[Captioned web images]
########
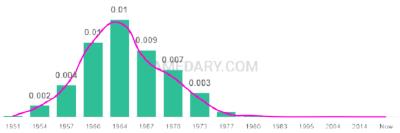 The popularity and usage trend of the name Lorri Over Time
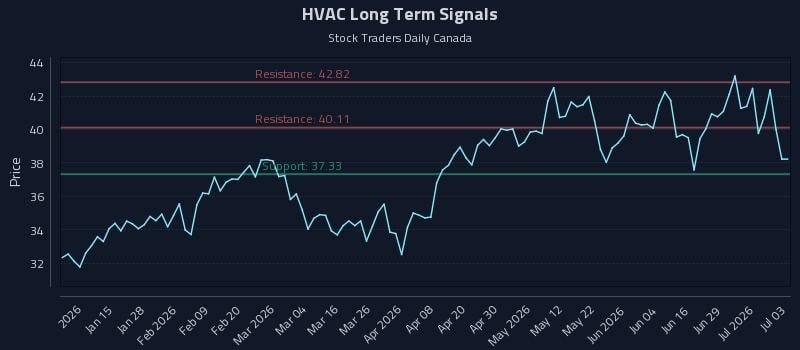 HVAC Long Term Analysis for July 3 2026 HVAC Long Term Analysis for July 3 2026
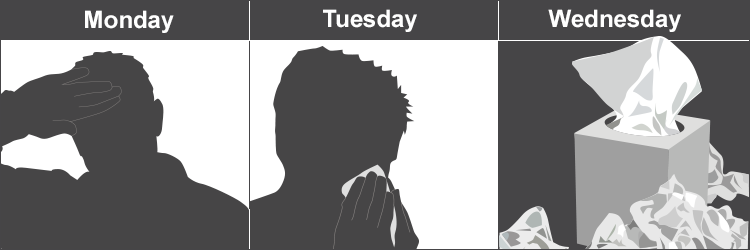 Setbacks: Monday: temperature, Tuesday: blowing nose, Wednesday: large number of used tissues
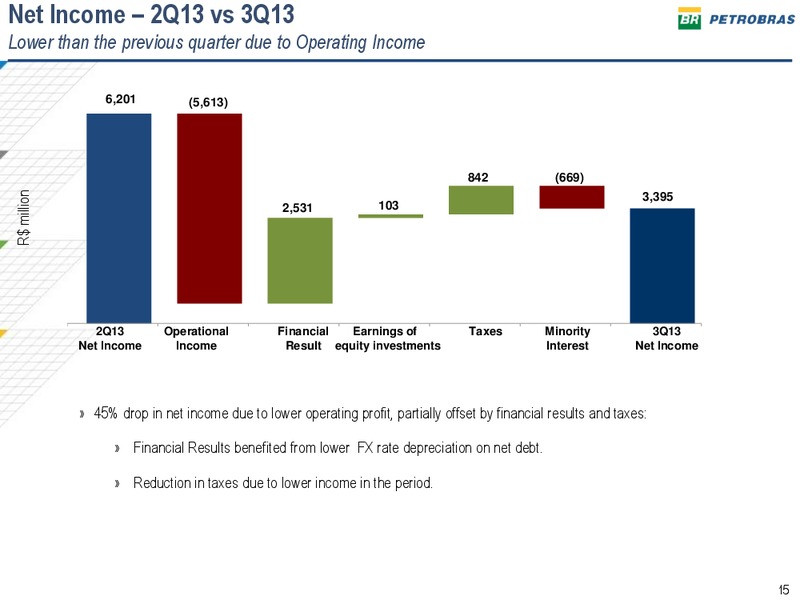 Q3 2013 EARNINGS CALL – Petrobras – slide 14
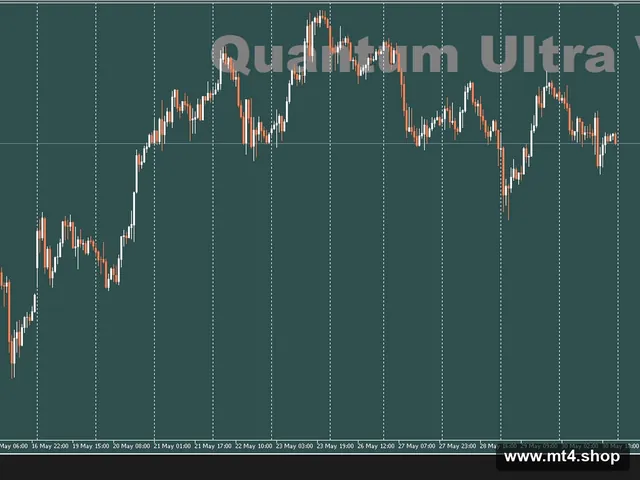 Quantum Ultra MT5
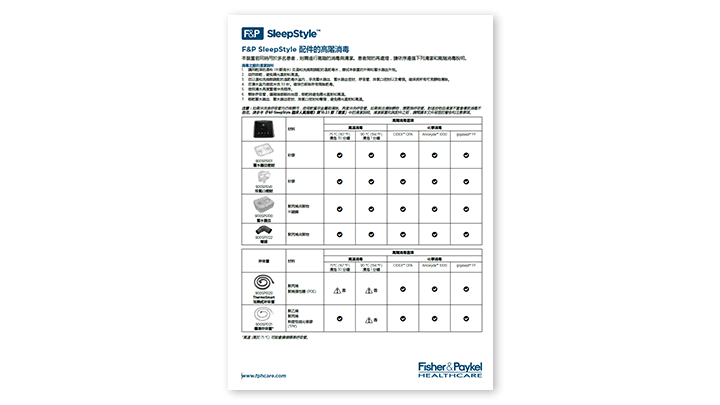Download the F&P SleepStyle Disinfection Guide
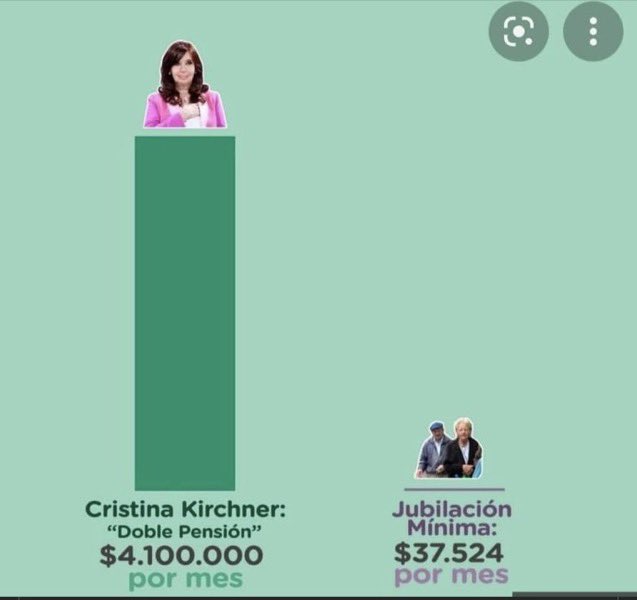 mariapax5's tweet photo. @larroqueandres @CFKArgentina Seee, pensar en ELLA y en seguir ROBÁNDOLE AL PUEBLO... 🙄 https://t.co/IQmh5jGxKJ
########
**What you should do**
Write the lines from the line containing "Download the F&P" through the last line of the data out again exactly, and only those lines; pictures stay out.

**Task solution**
Download the F&P SleepStyle Disinfection Guide
 mariapax5's tweet photo. @larroqueandres @CFKArgentina Seee, pensar en ELLA y en seguir ROBÁNDOLE AL PUEBLO... 🙄 https://t.co/IQmh5jGxKJ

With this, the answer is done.